Last but not least, legislators at all levels of government must honor the right of workers to safe and healthy workplaces by strengthening legal protections for unionization and collective bargaining.
“I hear stories just like Orlando’s, of people who have been subjected to unbearable working conditions due to the disastrous effects of climate change, as well as tales of students going to school on flood plains, or patients being treated for debilitating diseases due to living in waste hot spots, all because the right-wing corporate lobby wants to deny climate science and refuses to invest in climate preparedness,” Weingarten says. “Today, unfortunately, tackling the climate crisis has largely taken place along party lines. But safeguarding the environment is not a partisan matter—protecting the lives of workers, their families, and their communities shouldn’t have two sides.”
Case in point: Orlando Green
As an experienced school bus driver, Green thinks every bus ought to be equipped with air conditioning, especially in states like Florida, Louisiana and Texas.
“I’ve actually gotten into the habit, the last couple years, to check the weather report before my routes—because in Louisiana it gets really hot, up to 104,” he says. “Air conditioning would take care of that. But bus drivers experience a little bit of what all public workers experience, which is underfunding.”
Offering as an example his wife, Debbie Green, who is a teacher and president of the St. Tammany local, Orlando says: “I’ve seen her go into her own money for supplies for her classroom. Over the years, where education is not funded or is underfunded, it’s taken its toll.”
Then there’s the coronavirus pandemic, which has recently brought Louisiana up to 2,000 new cases a day. Healthcare workers are exhausted, Green says, and at the same time, the state is in Phase 2 of reopening.
“Thank God for the AFT and Randi Weingarten, because back in April they came out with a report on school reopening,” he says. “But right now, with our numbers going up and an infection rate of more than 10 percent, we’d be in a real bad situation if we had to go back into the classroom.”
If President Trump can bail out of his party’s convention in Florida because it’s unsafe, “but you’re bringing kids into this school environment, that’s not right, it’s not fair for the children—it’s dangerous,” Green says. He points to a recent debacle in which a summer camp shut down because, despite precautions, 80 campers came down with COVID-19.
Green is no stranger to hazardous working conditions. He worked for 27 years in a chemical plant with high levels of ammonia and carbon dioxide. Now carbon dioxide is threatening the whole planet.

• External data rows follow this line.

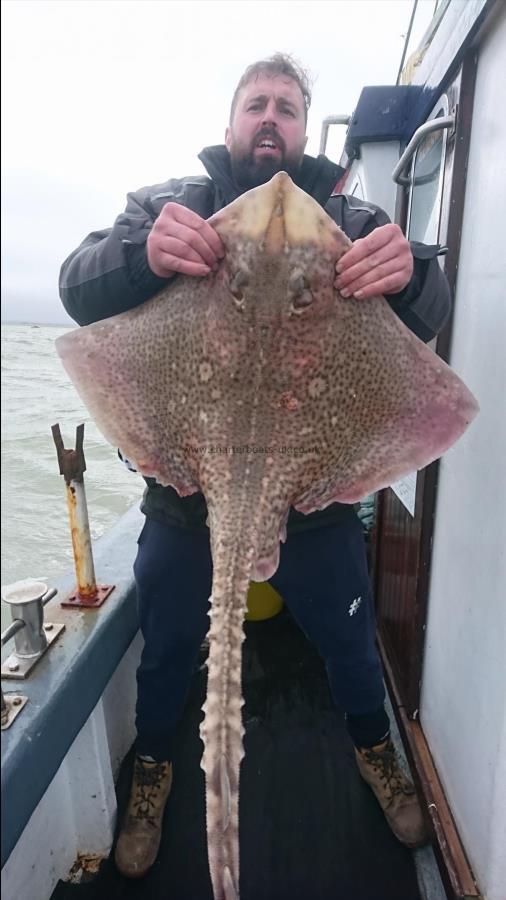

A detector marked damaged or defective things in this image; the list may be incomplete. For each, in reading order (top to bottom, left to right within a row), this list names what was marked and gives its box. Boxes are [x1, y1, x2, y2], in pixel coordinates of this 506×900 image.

rusty metal post [51, 424, 114, 608]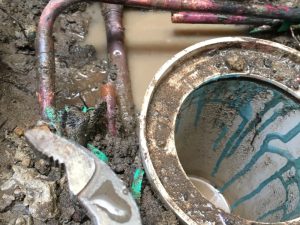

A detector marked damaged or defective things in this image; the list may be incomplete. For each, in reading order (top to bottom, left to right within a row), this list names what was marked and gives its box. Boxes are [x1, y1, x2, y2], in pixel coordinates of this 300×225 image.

green corrosion [87, 143, 108, 163]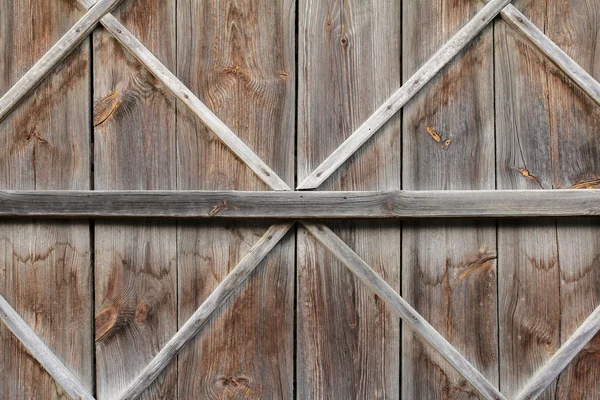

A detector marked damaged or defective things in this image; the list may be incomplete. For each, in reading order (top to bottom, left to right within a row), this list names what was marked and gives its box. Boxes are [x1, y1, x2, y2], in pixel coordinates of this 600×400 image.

splintered wood edge [0, 0, 125, 123]
splintered wood edge [298, 0, 512, 191]
splintered wood edge [0, 190, 596, 219]
splintered wood edge [0, 292, 94, 398]
splintered wood edge [116, 222, 292, 400]
splintered wood edge [300, 222, 506, 400]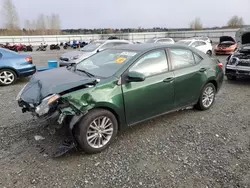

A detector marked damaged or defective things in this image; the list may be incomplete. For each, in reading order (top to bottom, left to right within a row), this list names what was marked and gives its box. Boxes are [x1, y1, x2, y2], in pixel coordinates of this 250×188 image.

broken headlight [35, 94, 60, 116]
crushed hood [19, 67, 97, 104]
damaged green sedan [16, 43, 224, 155]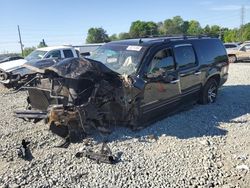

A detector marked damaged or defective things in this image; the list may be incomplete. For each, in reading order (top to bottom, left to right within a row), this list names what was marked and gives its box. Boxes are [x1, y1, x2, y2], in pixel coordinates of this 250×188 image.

“What I learned is that you want to put as many barriers as possible between you and the dangerous thing: gloves, gas masks, safety glasses, chemical suits, whatever you can use,” he says.
Green agrees with delaying the start of in-person schooling, and making up that time later. “I am not comfortable at all, as a caring human being, putting children in a known dangerous environment,” he says. “Even with the social distancing, even with the masks, even with the hand-washing—that’s the bare minimum.”
Preschoolers, he observes, like to lick the windows and seatbacks of school buses. “And kids love to hug you,” he says. Older kids like to fist-bump. We have to be patient with this thing, do what the medical people say, and sooner or later we’ll knock it down.”